After some problems I now have everything into place and it seems to work
fine.

So I wrote a simple pig script which loads all the files (~500) and stores
them into an ES index.
However, after ~22h the job failed, because of connection problems between
the nodes.
But during that time, there wasn't any heavy usage of network bandwidth or
other ressources.

After that I tried to run the pig script only for one document so I know
what is indexed and what is missing.
After about 3 documents indexed well doing this, the jobs started to fail
again, due to network problems although there wasn't any significant load.

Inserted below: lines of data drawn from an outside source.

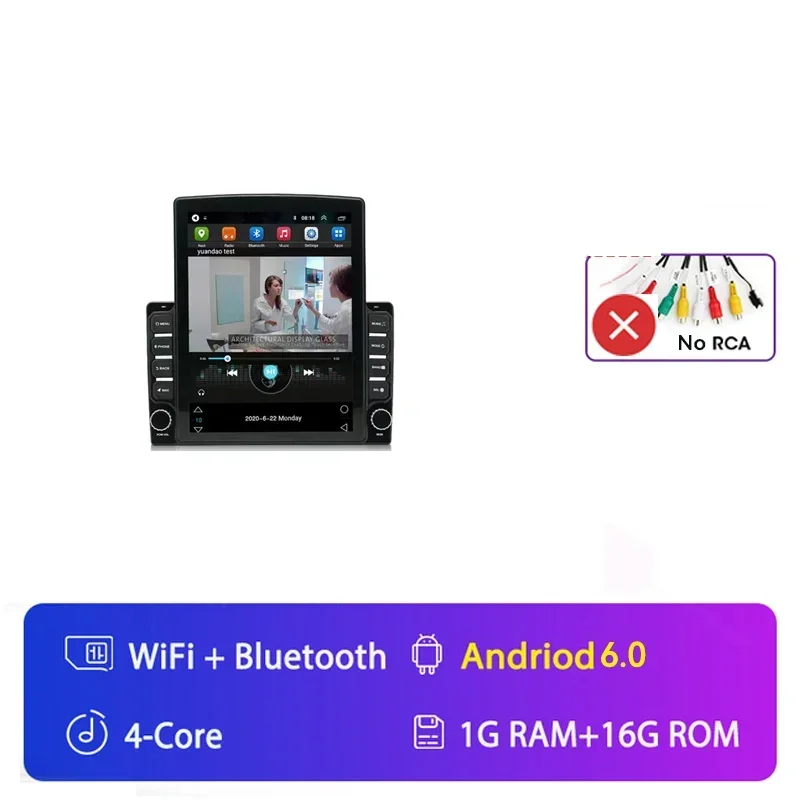 2 Din Android 15 Auto Universele Autoradio multimedia video Speler voor Tesla Type 9.7 inch Stereo Carplay 2din GPS navigatie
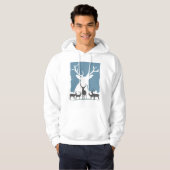 Gelukkig kerstfeest hoodie (Voorkant volledig)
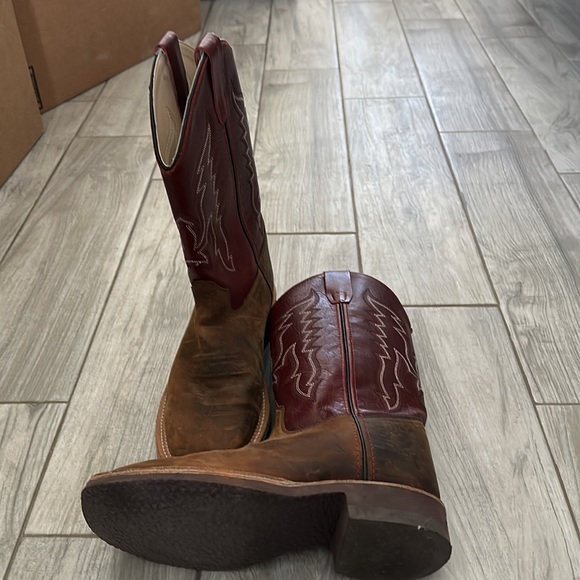 Old West Leather Cowboy boots - Picture 3 of 3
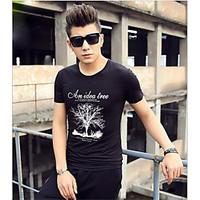 mens going out casualdaily boho punk gothic t shirt geometric round ne ...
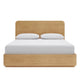 Enola Queen Bed with Slatted Platform | Timber Brown Ash-Meranti Wood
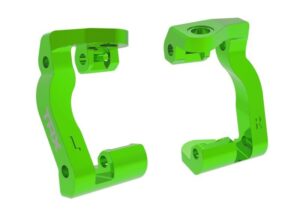 Traxxas Caster Blocks Alu Green LR #10733-GRN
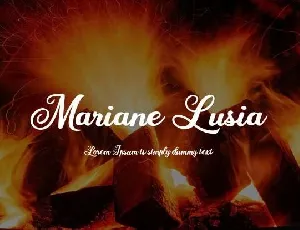 Mariane Lusia Script font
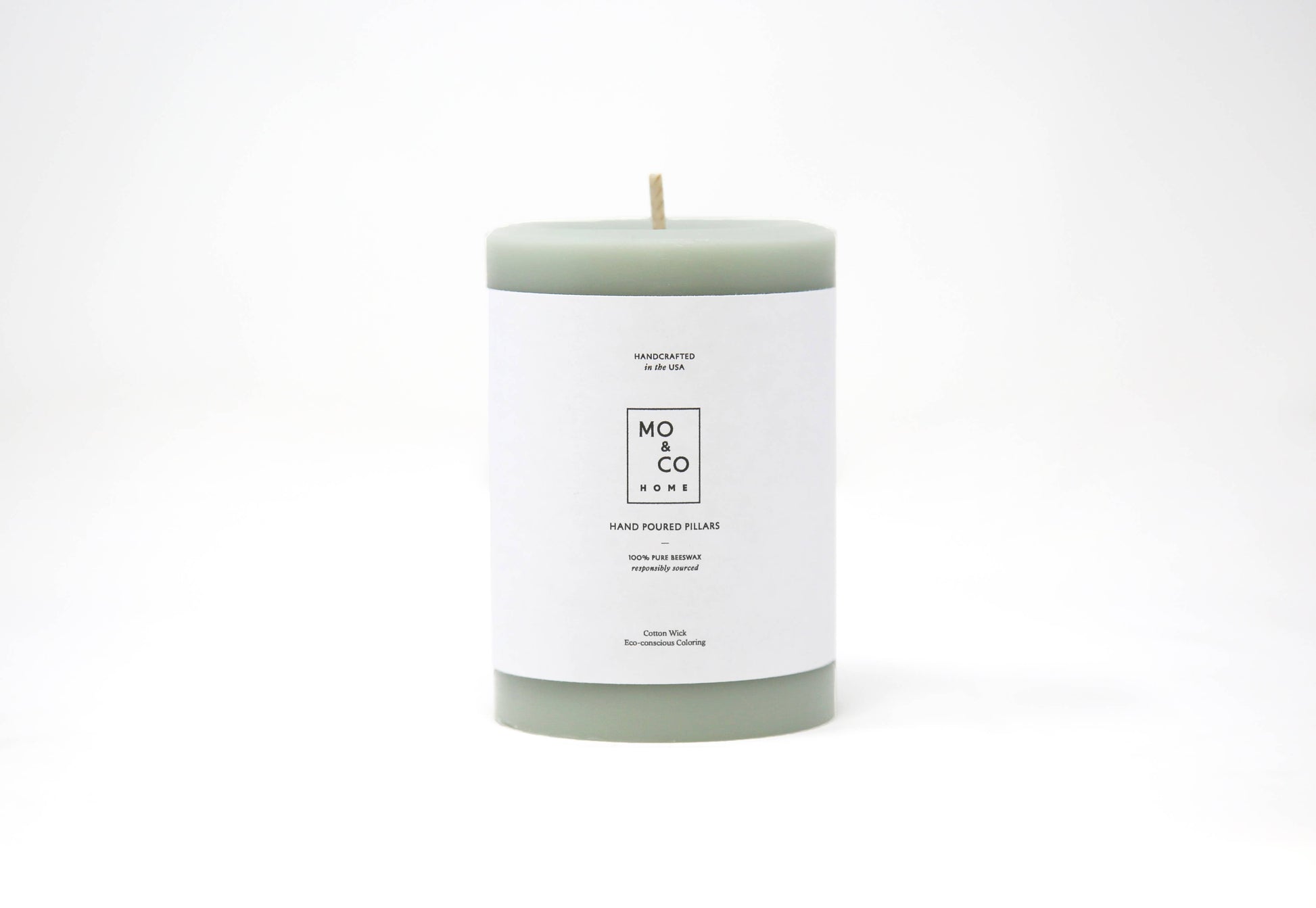 Eucalyptus | 100% Beeswax Pillar Candle | All Natural, Handmade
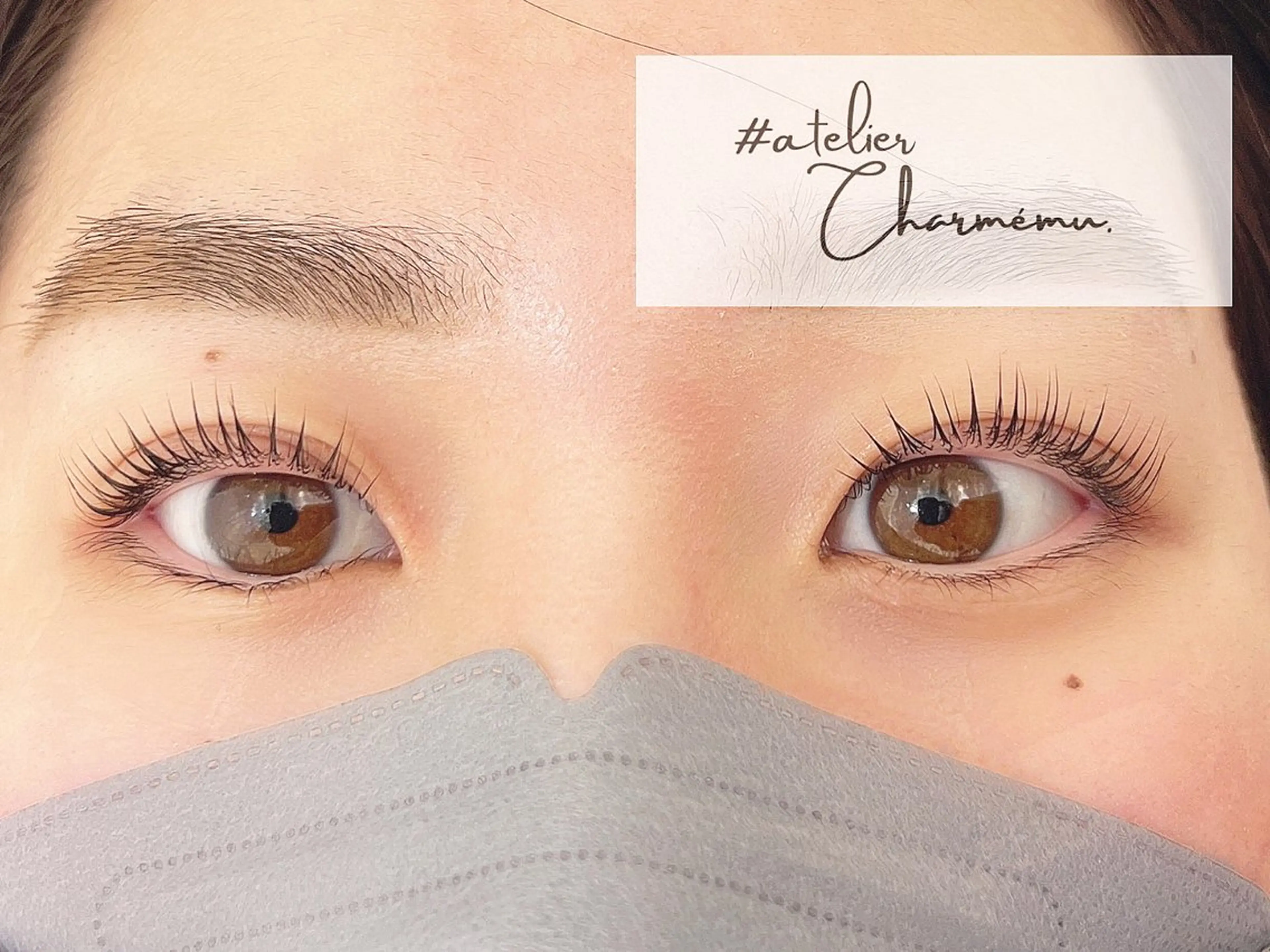 マツエク・マツパ マツパ atelier      Charmemu所属・𝕋𝕆ℙアイリスト sanaeのマツエク・マツパデザイン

I observed that even after the indexing jobs stopped, there was stuff
happening with the index. The number of documents kept growing for quite
some time and the translog operations went up and down being mostly at
about half a million.

For me this looks like the index takes more time indexing than the pig
script takes for writing into the index and after some time somewhere a
buffer gets too full.

Is this possible? I would expect, that in this case elasticsearch-hadoop
should get throttled.

The only documentation about the translog is what I found here:
http://www.elasticsearch.org/guide/en/elasticsearch/reference/current/index-modules-translog.html
which I find a bit little. I still don't know what implications the number
of translog operations has.

On the linked page it says, I could increase the numbers when doing bulk
indexing but I don't understand how this would help.
Also what's TPS?

Best regards
Julius

--
You received this message because you are subscribed to the Google Groups "elasticsearch" group.
To unsubscribe from this group and stop receiving emails from it, send an email to elasticsearch+unsubscribe@googlegroups.com.
To view this discussion on the web visit https://groups.google.com/d/msgid/elasticsearch/d17e1231-da99-4bc2-b019-806046ffd34e%40googlegroups.com.
For more options, visit https://groups.google.com/d/optout.

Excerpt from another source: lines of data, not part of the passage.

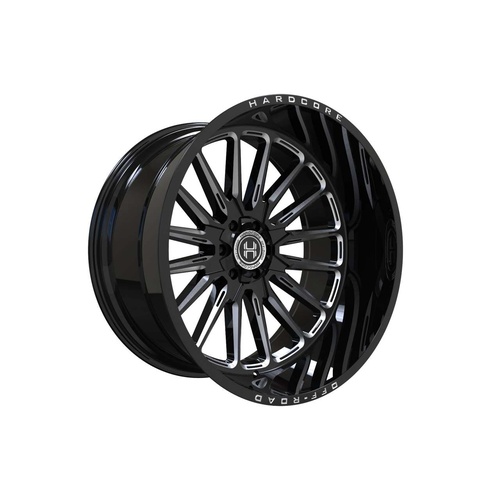 Hardcore Offroad Hc24 Gloss Black Milled - Part Number HC2422128180GBM-44 Hardcore Offroad Hc24 Gloss Black Milled Photo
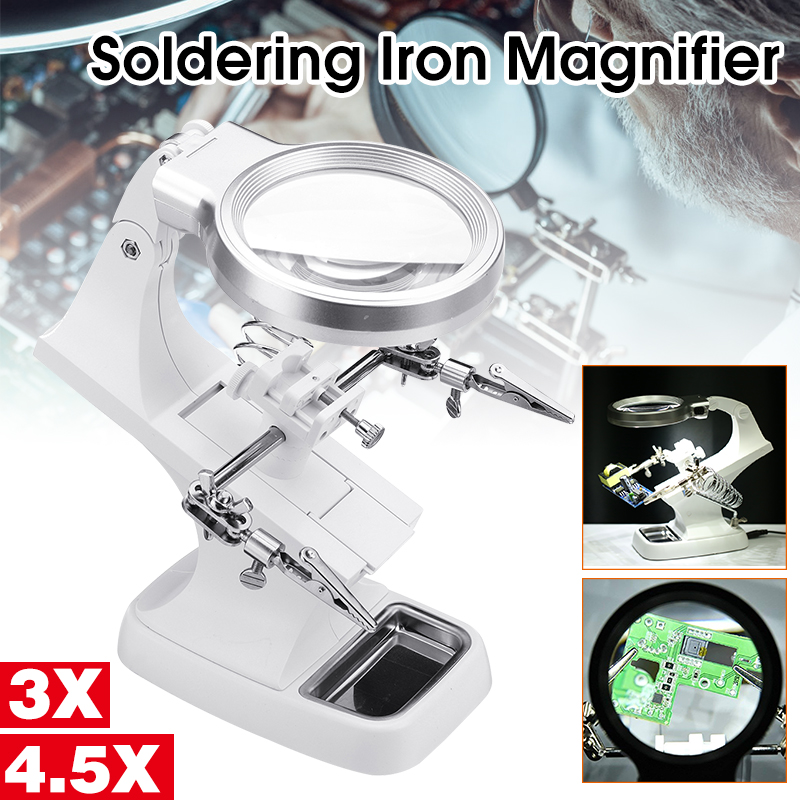 10-LED-Helping-Hand-Clamp-Magnifying-Glass-Soldering-Iron-Stand-Magnifier-Tool-1571169-1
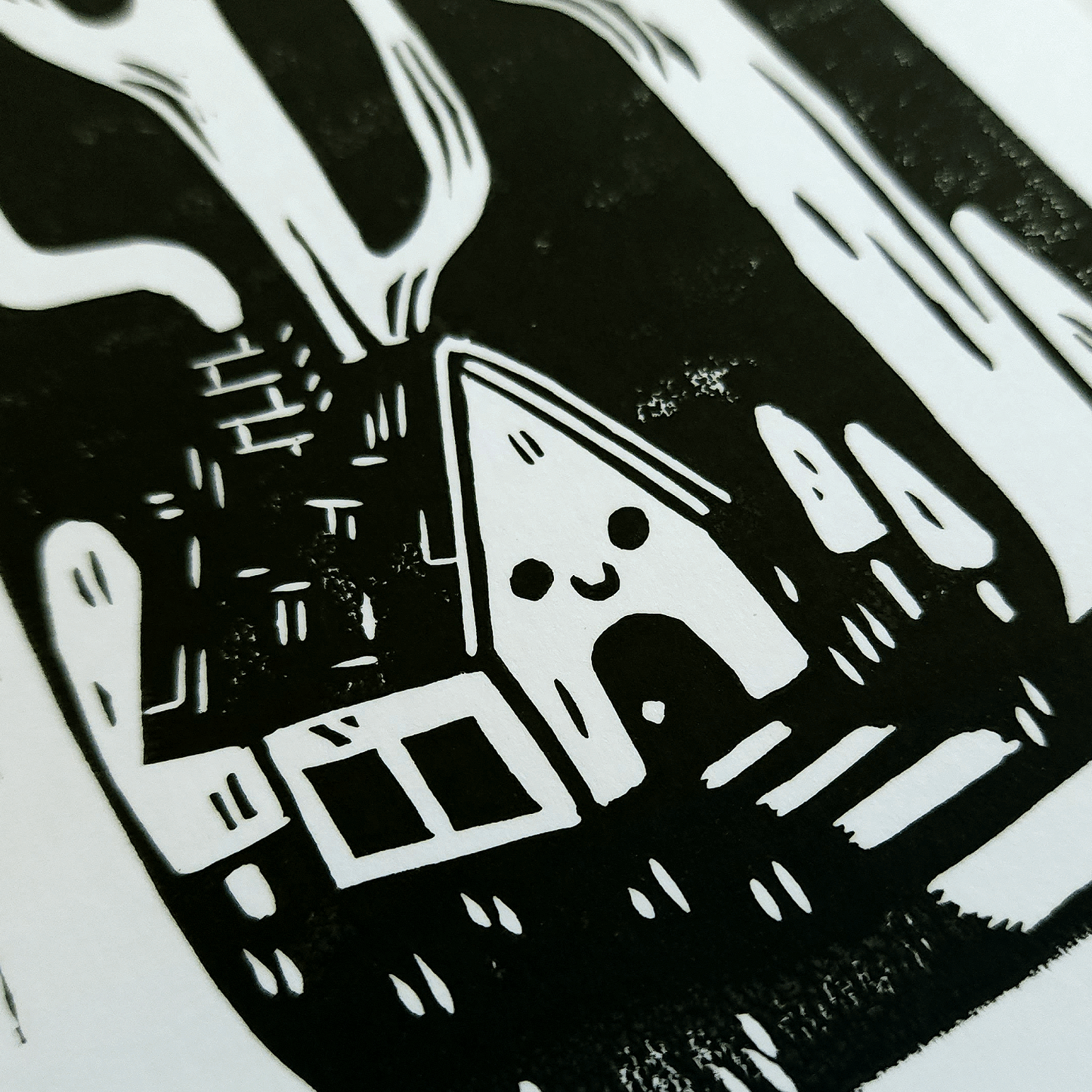 CABIN LIFE LINO PRINT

warkolm · June 24, 2014, 11:23pm

TPS is usually transactions per second.

Are you monitoring your cluster, and your memory/heap usage? How are you
coming to the conclusion that it's a networking issue?

Regards,
Mark Walkom

Infrastructure Engineer
Campaign Monitor
email: markw@campaignmonitor.com
web: www.campaignmonitor.com

On 25 June 2014 00:33, Julius K fooliuskoolius@gmail.com wrote:

Hi,

I have a strange problem with ES. It's running on a cluster with 64 cores
etc, so I don't think the power of the hardware is the issue.

I want to index a lot of documents with elasticsearch-hadoop.
After some problems I now have everything into place and it seems to work
fine.

So I wrote a simple pig script which loads all the files (~500) and stores
them into an ES index.
However, after ~22h the job failed, because of connection problems between
the nodes.
But during that time, there wasn't any heavy usage of network bandwidth or
other ressources.

After that I tried to run the pig script only for one document so I know
what is indexed and what is missing.
After about 3 documents indexed well doing this, the jobs started to fail
again, due to network problems although there wasn't any significant load.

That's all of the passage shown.